132 For the reasons set out below, orders for rescission of the whole of the Distribution Agreement or of clause 11.3 thereof would not, in the circumstances of this case, be practically just:


          i. An order for rescission of the whole of the Distribution Agreement or for rescission of clause 11.3 would not operate evenly as between Cosmoluce and Chint Australasia. It would leave Cosmoluce in the position of having enjoyed the benefit of the Distribution Agreement but deprive Chint Australasia of any benefit in return.

          ii. The substance of the commercial transaction in the Distribution Agreement was that, in return for the minimum purchase obligations, Chint Australasia sold to Cosmoluce the opportunity to make profit by the distribution of Chint products during the term of the Distribution Agreement. Cosmoluce had that opportunity and the attendant benefit of possible gain for the currency of the Distribution Agreement. That is a benefit that cannot now be restored to Chint Australasia and, given the deterioration of the relationship with Chint China, is unlikely to be of much value in the future to Chint Australasia. An order for rescission of the whole of or clause 11.3 of the Distribution Agreement would permit Cosmoluce to retain the benefit of the commercial opportunity it received under the Distribution Agreement while entirely depriving Chint Australasia of any of benefit in return.

          iii. Put another way, far from being a substantial restoration of the status quo ante , rescission of the whole of the Distribution Agreement or of clause 11.3 of the Distribution Agreement would transform the commercial bargain between Chint Australasia and Cosmoluce into one in which Cosmoluce had the whole of the commercial benefit associated with the opportunity to distribute Chint products but was immunised from any commercial risk.

          iv. Rescission would not be a proportionate remedial response to the (assumed) wrongdoing of Chint Australasia: see Akron Securities Ltd v Ilife (1997) 41 NSWLR 353 at 368E – F. Many of the alleged misrepresentations concern matters which were not at the centre of the commercial bargain contained in the Distribution Agreement. In those circumstances, the “total dismantling of the parties’ relationship ex post” would not be an appropriate remedial response: Akron Securities Ltd v Ilife (1997) 41 NSWLR 353 at 368E.
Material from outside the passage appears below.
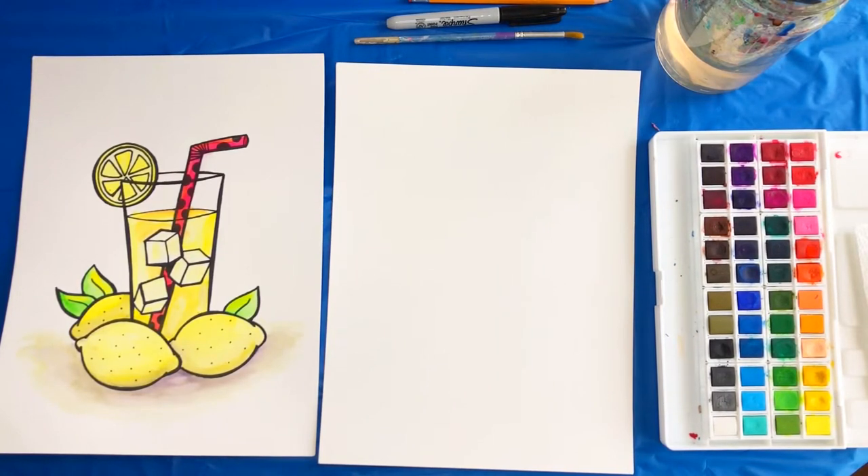Hey artists, today we're going to draw and paint this glass of lemonade. Make sure you have a pencil, an eraser, a sharpie, watercolor paper, watercolor paints, a glass of water, paint brushes, and a paper towel. It's important to have the correct supplies for this style of painting, especially the watercolor paper and the sharpie. Let's go ahead and get started.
          v. The quantum of damages suffered by Cosmoluce from the (alleged) misrepresentations would represent a fraction of the value of the bargain of which Chint Australasia would be deprived if an order for rescission was to be made.
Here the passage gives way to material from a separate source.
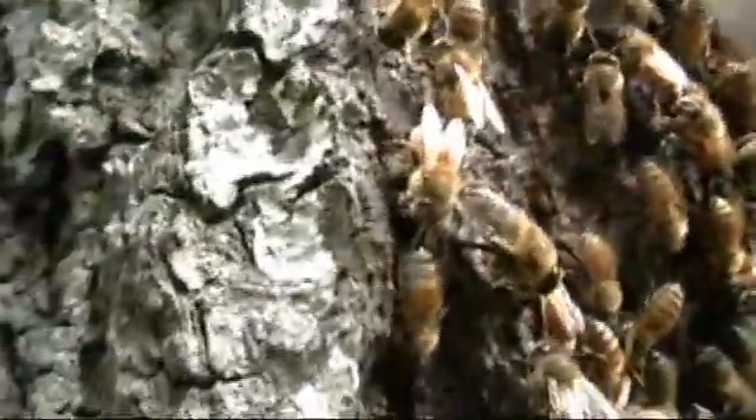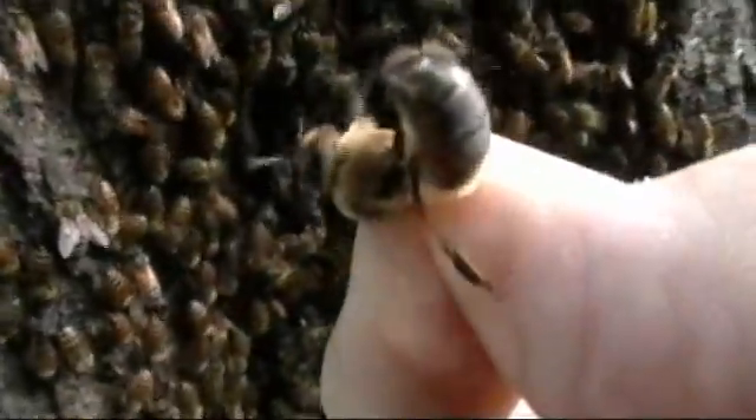I am going to pick up the drone bee and show him to you now. I will let him go and I am sure he will appreciate that.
          vi. In relation to the vast bulk of the pleaded alleged misrepresentations there is no apparent causal connection between them and the inability or unwillingness of Cosmoluce to comply with its minimum purchase obligations in the Distribution Agreement: Akron Securities Ltd v Ilife (1997) 41 NSWLR 353 at 366F, quoting with approval Ipp J (as he then was) in Reg Russell & Sons Pty Limited v Buxton Meats Pty Limited (1994) ATPR ¶ 46-127 at 53,614.

          vii. Cosmoluce delayed until after Chint Australasia had served a notice under clause 16.2(a) of the Distribution Agreement before asserting an entitlement to rescind the Distribution Agreement. This was well after the time when it must have been aware of the (for present purposes, assumed) misrepresentations. Delay in the assertion of a right to rescind an agreement is a relevant consideration both at general law and under the Trade Practices Act : see Henjo Investments Pty Limited v Collins Marrickville Pty Limited (No 1) (1988) 39 FCR 546 at 564 – 565. Cosmoluce was content to delay the assertion of its right to rescind until it had exhausted exploiting the commercial opportunity it acquired in the Distribution Agreement and then did so in order to avoid paying the price for that commercial opportunity which it had agreed to pay.

          viii. Cosmoluce’s conduct following the termination of the Distribution Agreement is inconsistent with its purported rescission of the Distribution Agreement on 28 November 2006. After its purported rescission of the Distribution Agreement, on 18 December 2006 Cosmoluce performed the terms of the Distribution Agreement relating to the re-purchase by Chint Australasia of Chint products held in stock by Cosmoluce following termination.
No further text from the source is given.